How are the commercial relations between the nations?
- Trade volume between the two countries in the beginning of the century, year 2000, stood at US$ 3 billion.
- In 2008, bilateral trade reached US$ 51.8 billion with China replacing the United States as India’s largest “Goods trading partner.”
- In 2011 bilateral trade reached an all-time high of US$ 73.9 billion.
- In 2016, India’s top exports to China included diamonds, cotton yarn, iron ore, copper and organic chemicals.
- In 2016, China exports of electrical machinery and equipment saw an increase of 26.83%to US$ 16.98 billion.
- India was the largest export destination of Fertilizers exports from China.
- There are three border trade points between India and China viz.

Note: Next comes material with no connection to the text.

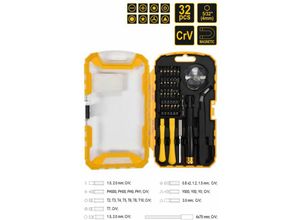 5906083012945 - Vorel - Universal Smartphone Handy Tablet Reparatur-Werkzeug Set 32 Tlg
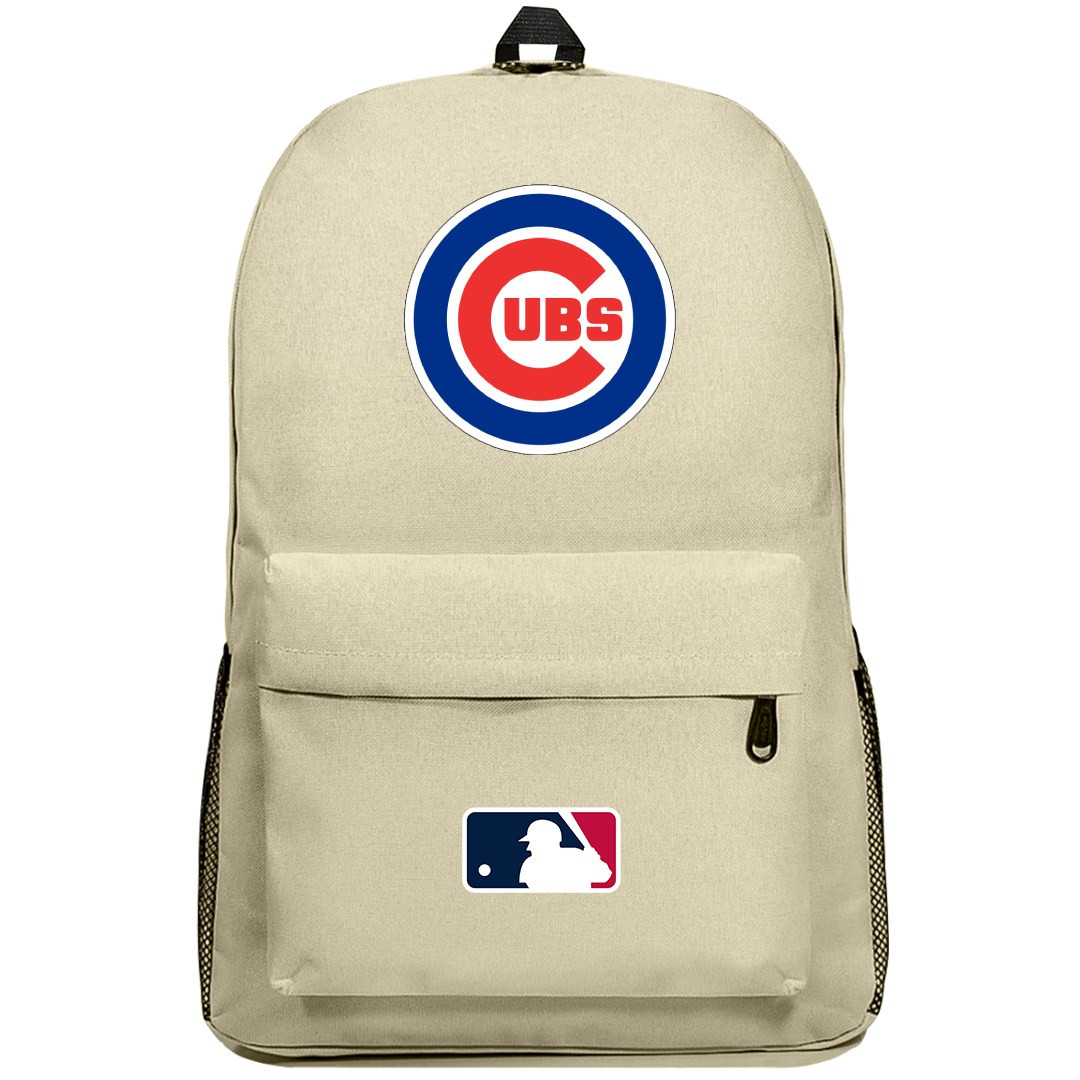 MLB Chicago Cubs Backpack SuperPack - Chicago Cubs Team Logo Large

Nathu La Pass (Sikkim), Shipki La Pass (Himachal Pradesh) and Lipulekh Pass (Uttarakhand).
- According to data released by China’s Ministry of Commerce, the Chinese investment in India in Jan-Mar 2017 were to the tune of US$ 73 million.
- Cumulative Investment in India till March 2017 stood at US$ 4.91 billion.
- According to data released by China’s Ministry of Commerce, the cumulative Indian investment in China till March 2017 reached US$705 million.
- India-China economic relations constitute an important element of the strategic and cooperative partnership between the two countries.
- Several institutional mechanisms have been established for enhancing and strengthening economic cooperation between the two countries.
- In accordance with the MoU signed during Chinese Premier Wen Jiabao’s visit to India in April 2005, the two sides have since successfully held eight Financial Dialogues in April 2006, December 2007, January 2009, September 2010,November 2011, September 2013, December 2014 and August 2016 respectively.